─── Data to use
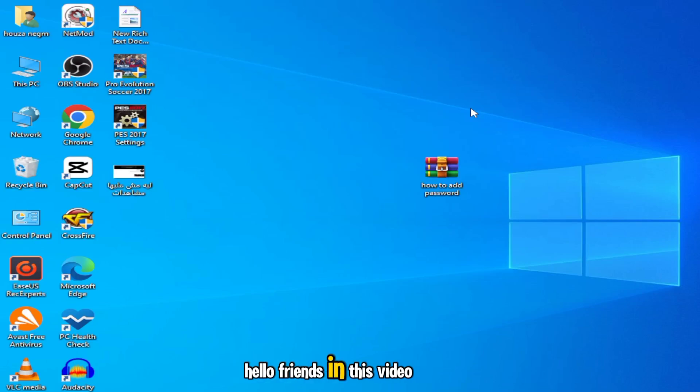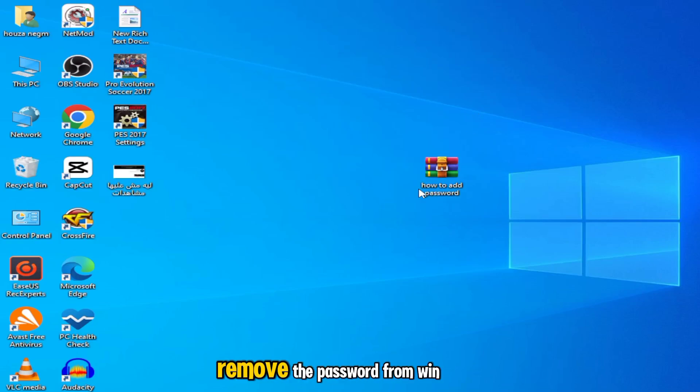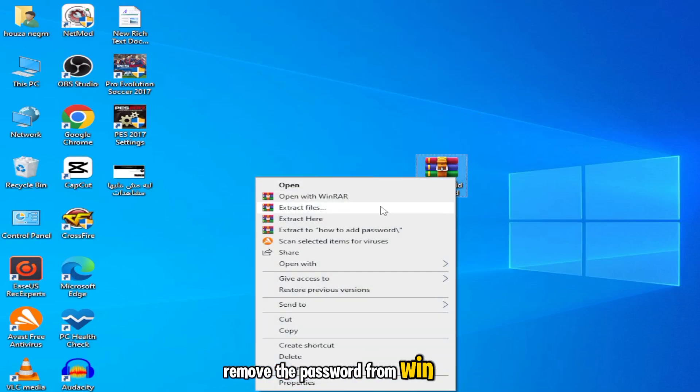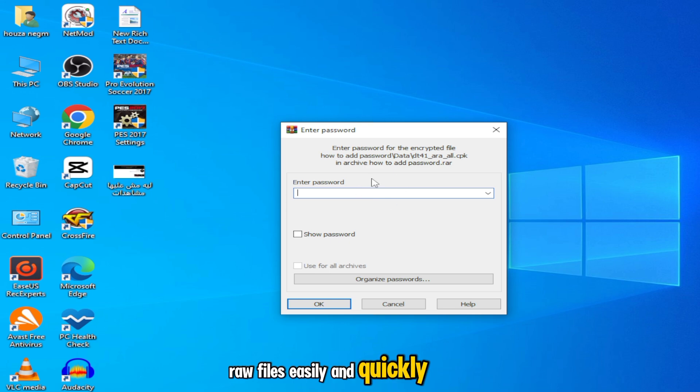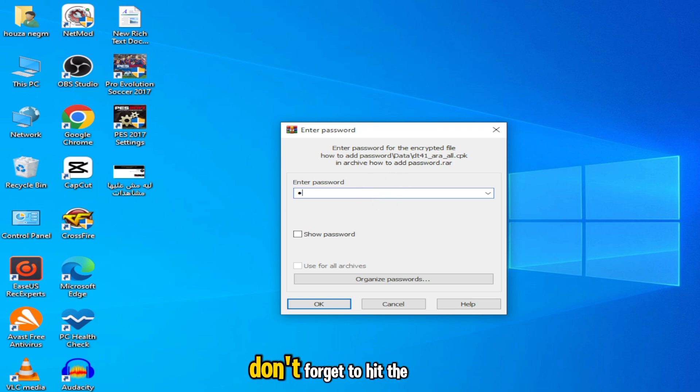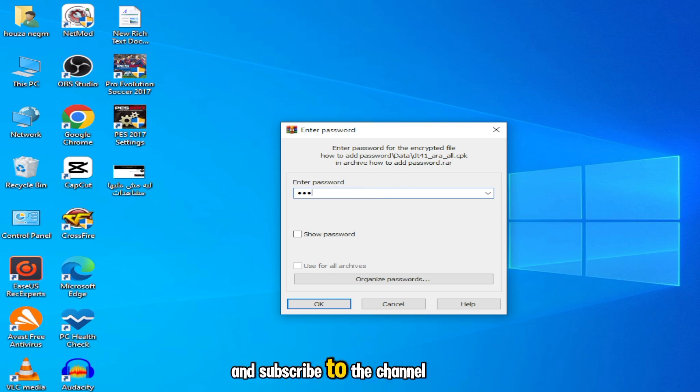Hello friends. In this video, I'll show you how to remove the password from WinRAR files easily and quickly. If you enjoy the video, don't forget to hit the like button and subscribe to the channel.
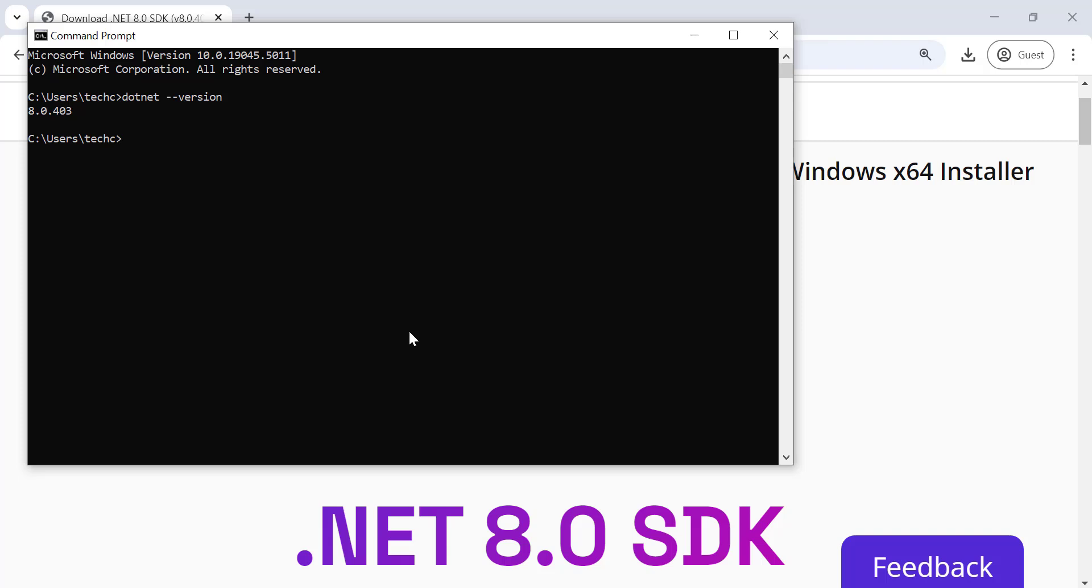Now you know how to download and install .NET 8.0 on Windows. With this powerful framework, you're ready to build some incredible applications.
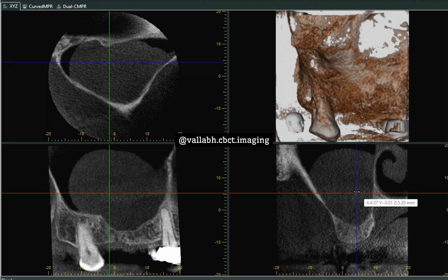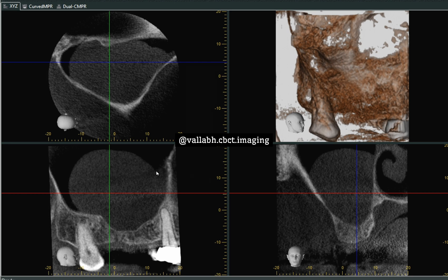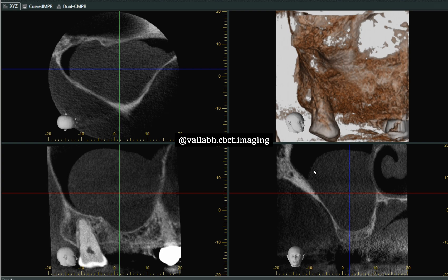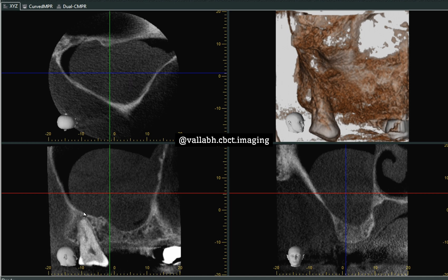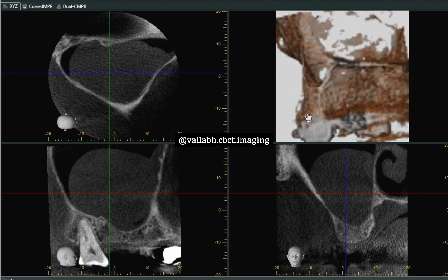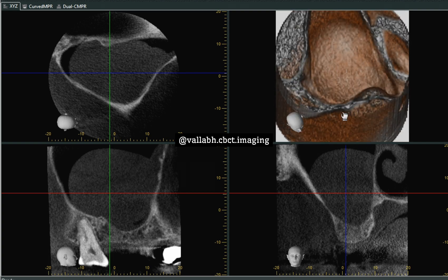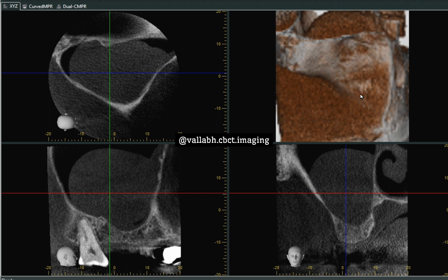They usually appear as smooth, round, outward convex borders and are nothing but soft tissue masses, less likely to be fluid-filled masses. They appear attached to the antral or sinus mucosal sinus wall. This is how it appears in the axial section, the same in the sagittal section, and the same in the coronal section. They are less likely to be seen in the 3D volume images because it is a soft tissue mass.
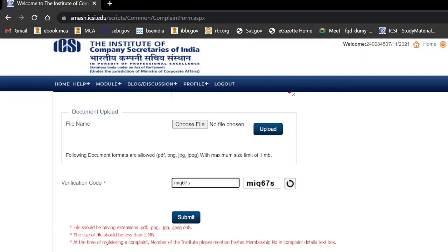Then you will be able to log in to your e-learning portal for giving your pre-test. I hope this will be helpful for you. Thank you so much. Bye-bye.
──────
─── Data to use
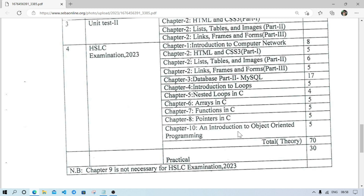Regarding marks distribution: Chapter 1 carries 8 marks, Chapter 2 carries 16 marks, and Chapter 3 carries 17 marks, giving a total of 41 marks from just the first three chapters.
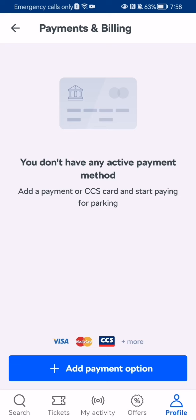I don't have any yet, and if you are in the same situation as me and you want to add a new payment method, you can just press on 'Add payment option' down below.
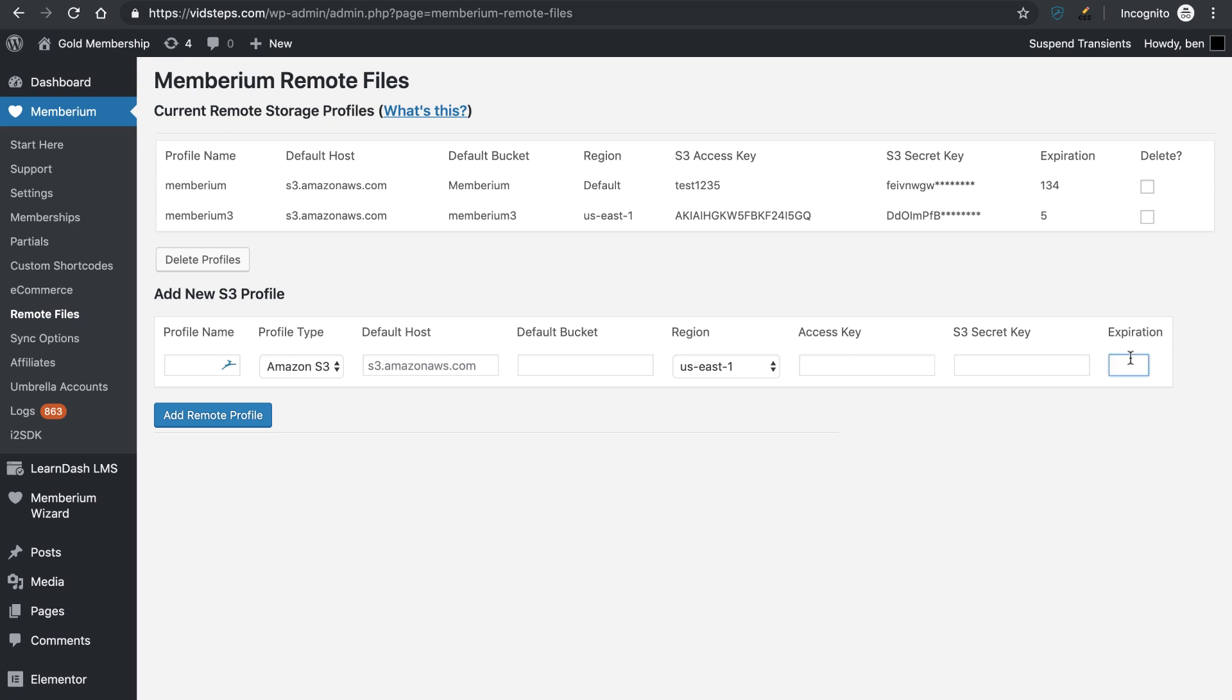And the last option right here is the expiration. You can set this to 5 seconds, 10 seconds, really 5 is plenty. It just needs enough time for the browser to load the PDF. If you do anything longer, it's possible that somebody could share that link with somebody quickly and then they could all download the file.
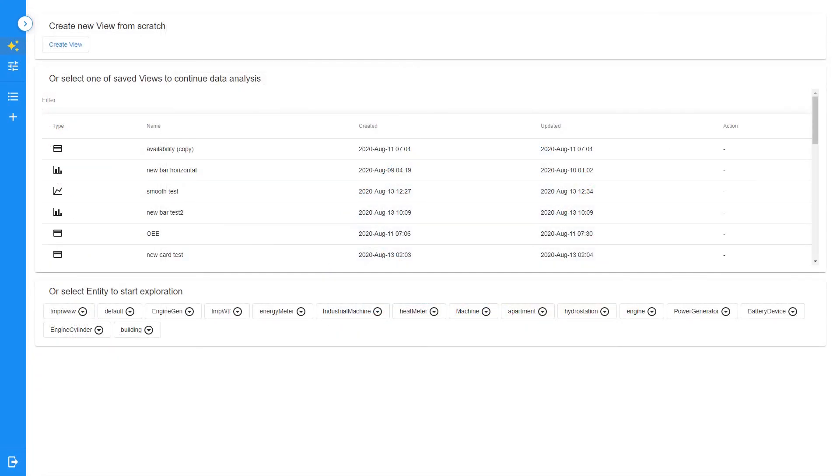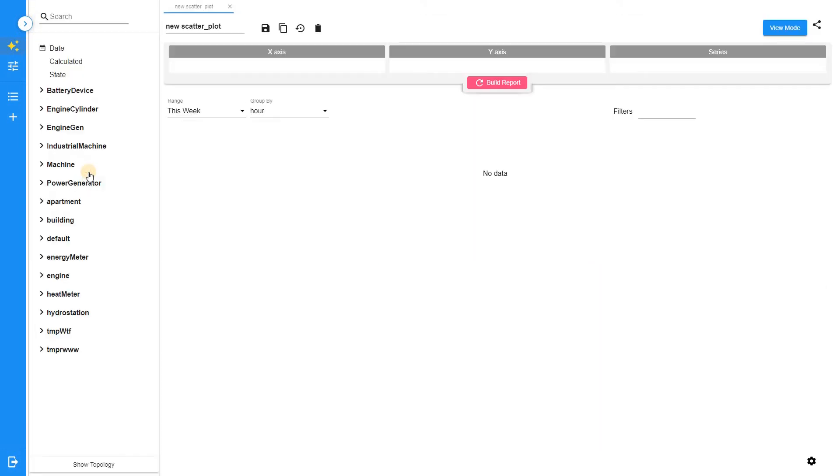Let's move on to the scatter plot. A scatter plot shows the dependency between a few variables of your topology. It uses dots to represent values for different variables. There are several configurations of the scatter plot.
──────
─── Data to use
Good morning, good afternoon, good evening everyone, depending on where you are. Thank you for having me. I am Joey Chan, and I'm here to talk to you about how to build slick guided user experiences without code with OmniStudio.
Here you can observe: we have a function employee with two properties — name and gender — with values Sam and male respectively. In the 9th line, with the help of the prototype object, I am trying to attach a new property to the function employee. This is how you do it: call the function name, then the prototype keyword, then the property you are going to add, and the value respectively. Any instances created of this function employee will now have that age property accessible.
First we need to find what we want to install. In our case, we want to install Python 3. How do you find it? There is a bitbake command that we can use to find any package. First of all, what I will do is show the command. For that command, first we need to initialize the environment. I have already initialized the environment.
──────
▸ Task goal
From the listing above, restate verbatim the lines running from the one with "Hello friends. In" through the one with "They usually appear", inclusive, but not the pictures.

▸ Your response
Hello friends. In this video, I'll show you how to remove the password from WinRAR files easily and quickly. If you enjoy the video, don't forget to hit the like button and subscribe to the channel.
Now you know how to download and install .NET 8.0 on Windows. With this powerful framework, you're ready to build some incredible applications.
They usually appear as smooth, round, outward convex borders and are nothing but soft tissue masses, less likely to be fluid-filled masses. They appear attached to the antral or sinus mucosal sinus wall. This is how it appears in the axial section, the same in the sagittal section, and the same in the coronal section. They are less likely to be seen in the 3D volume images because it is a soft tissue mass.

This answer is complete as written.